Kobane has become a symbolic test of the US-led coalition's ability to halt the advance of Islamic State, which has poured weapons and fighters into its bid to take the town in an assault that has lasted more than a month.
The battle has also deflected attention from significant gains elsewhere in Syria by Islamic State, which has seized two gas fields within a week from President Bashar Al Assad's forces in the centre of the country.
The arrival in Kobane of the peshmerga and additional Free Syrian Army (FSA) fighters in recent days marks an escalation in efforts to defend the town after weeks of US-led air strikes slowed but did not reverse the Islamists' advance.
White smoke billowed into the sky as peshmerga and FSA fighters appeared to combine forces, raining cannon and mortar fire down on Islamic State positions to the west of Kobane, a witness said.
An estimated 150 Iraqi Kurdish fighters crossed into Kobane with arms and ammunition from Turkey late on Friday, the first time Ankara has allowed reinforcements to reach the town.
"(Their) heavy weapons have been a key reinforcement for us. At the moment they're mostly fighting on the western front, there's also FSA there too," said Meryem Kobane, a commander with the YPG, the main Syrian Kurdish armed group in Kobane.

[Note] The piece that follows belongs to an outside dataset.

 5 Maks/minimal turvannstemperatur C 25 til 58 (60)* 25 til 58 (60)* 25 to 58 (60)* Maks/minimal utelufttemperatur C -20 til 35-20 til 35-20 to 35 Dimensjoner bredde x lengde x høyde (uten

She said fierce fighting was also continuing in eastern and southern parts of the city.
The peshmerga - formally part of the Iraqi army - have deployed behind Syrian Kurdish forces and are supporting them with artillery and mortar fire, according to Ersin Caksu, a journalist inside Kobane. The fiercest fighting was taking place in the south and east, areas where the newly arrived reinforcements were not deployed, he said.
Islamic State fighters in Syria said yesterday they had taken control of a gas field in the central province of Homs.

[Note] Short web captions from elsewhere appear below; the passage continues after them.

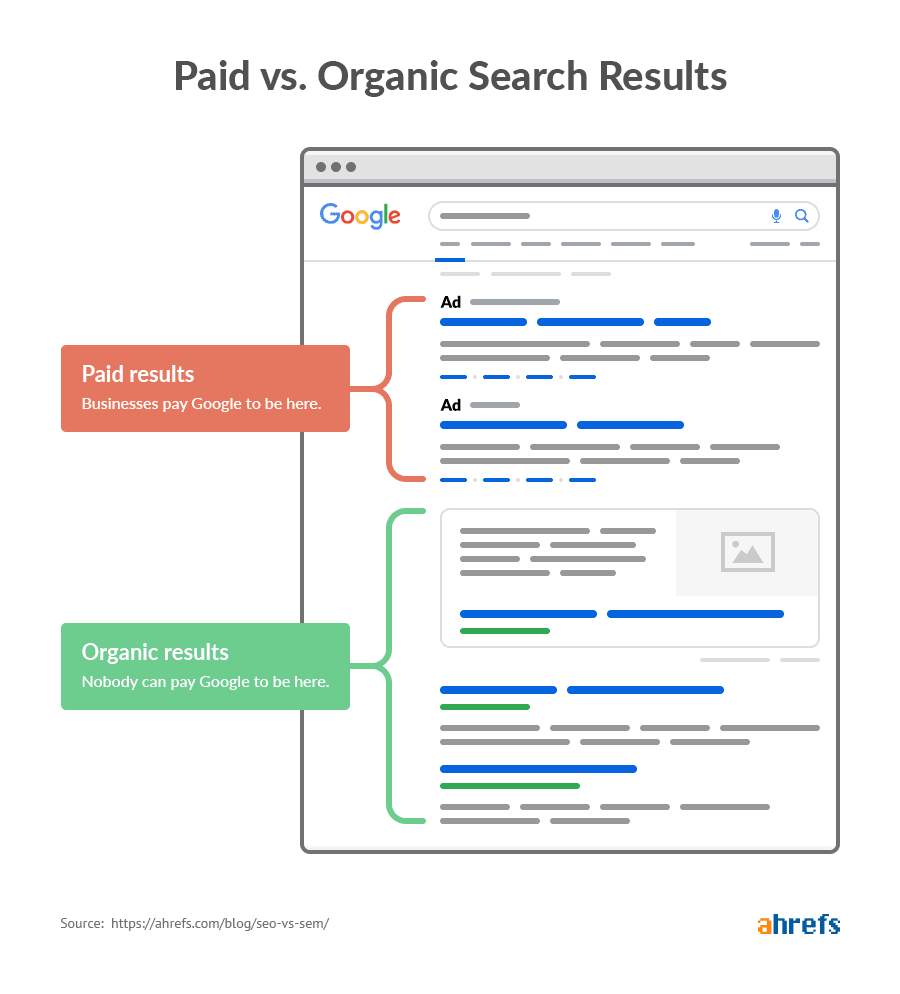 Google search results page, showing paid results labeled "Ad" and organic results, with explanatory text boxes highlighting the difference.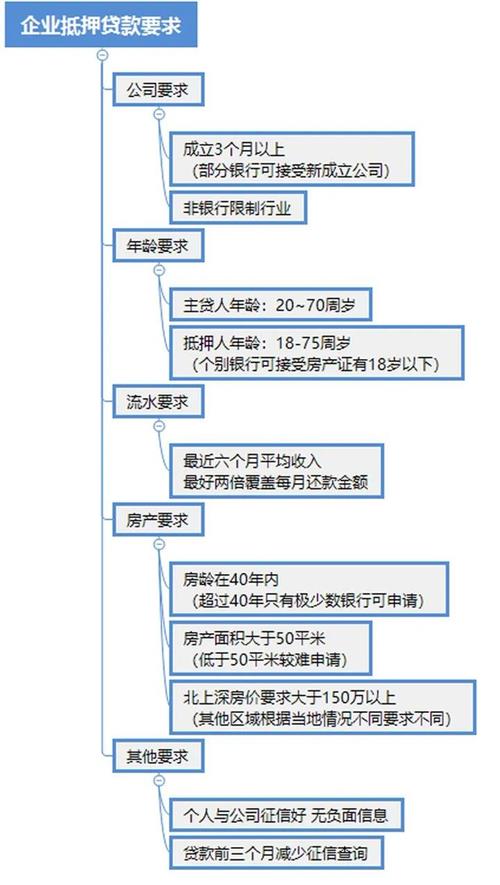 車抵押貸款多久可以下款(抵押貸款車下款可以提前還嗎)？ (http://m.ox-shoes.com/) 知識問答 第5張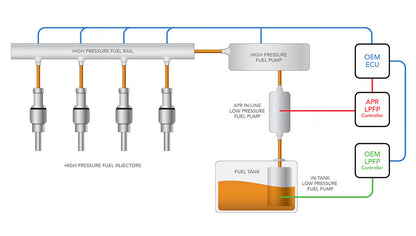 APR ロー・プレッシャー・フューエルポンプ - 2.0T EA113/EA888 Gen1 (AWD)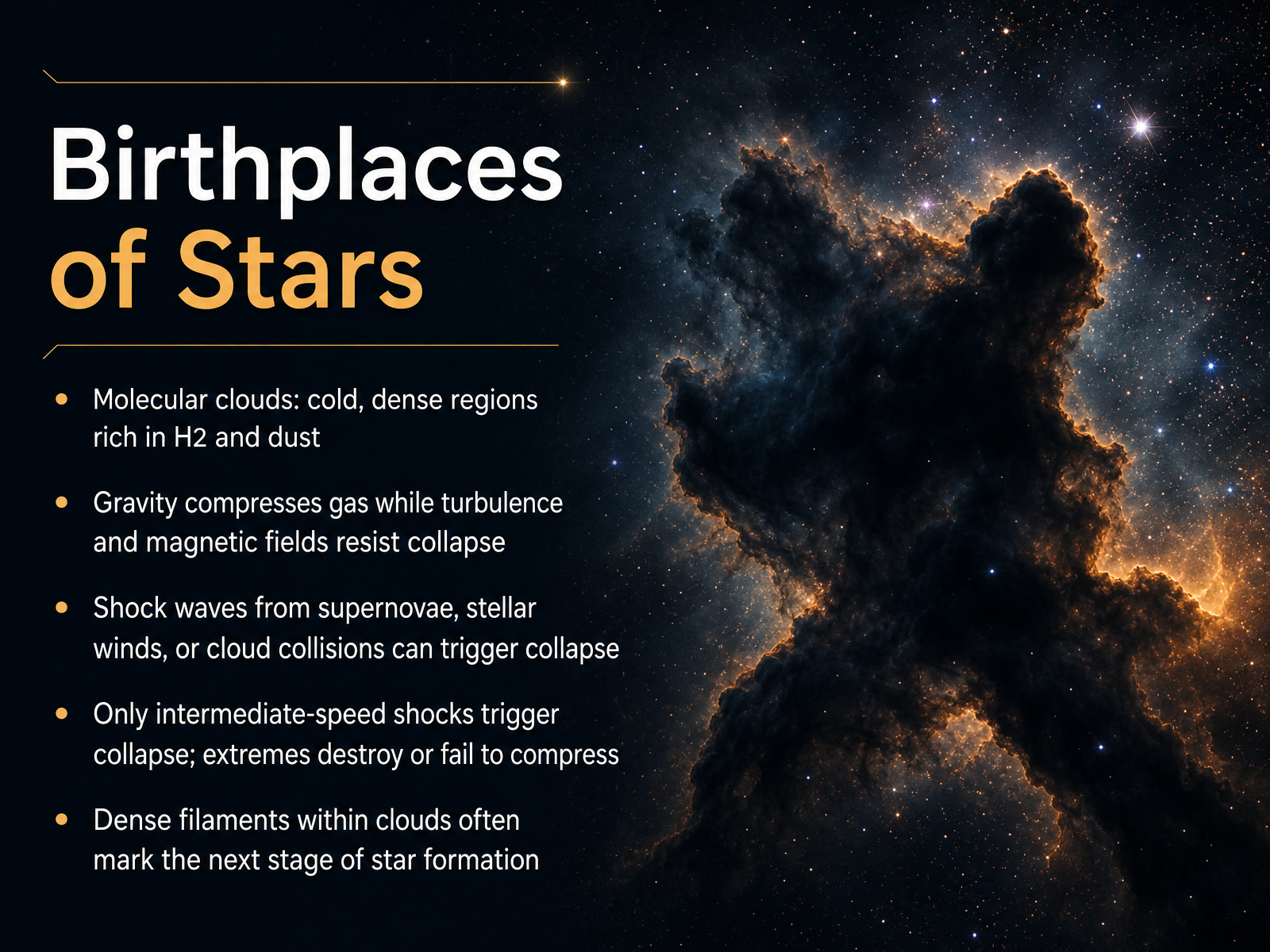 Birthplaces of Stars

The hardline Sunni Islamist group posted 18 photos on social media showing the Islamic State flag raised in the Jahar gas field as well as seized vehicles and weaponry, according to the SITE jihadist website monitoring service.
Islamic State fighters, who now hold up to a third of Syria as well as swathes of Iraq, took the larger Sha'ar gas field on October 30.
The report said Islamic State had seized two tanks, seven four-wheel drive cars and several heavy machine guns.
Yesterday, the UK-based Syrian Observatory for Human Rights said a Western-backed Syrian opposition group, the Hazzm movement, had lost positions and equipment including heavy weapons after being overrun by Al Qaeda-affiliated Nusra Front fighters in Idlib province, near the Turkish border.
Elsewhere, Islamic State jihadists beheaded eight Syrian rebels who had surrendered in a town on the border with Iraq last week despite pledges of an amnesty, a monitor said yesterday.
The Observatory said the men were executed and their bodies hung on makeshift crucifixes in Albu Kamal in the eastern province of Deir Ezzor.
"The men surrendered in Albu Kamal because the Islamic State had offered amnesty to people who fought them if they turned themselves in," Observatory director Rami Abdel Rahman said.
Instead, he said, the eight opposition fighters were beheaded and then hung from crosses.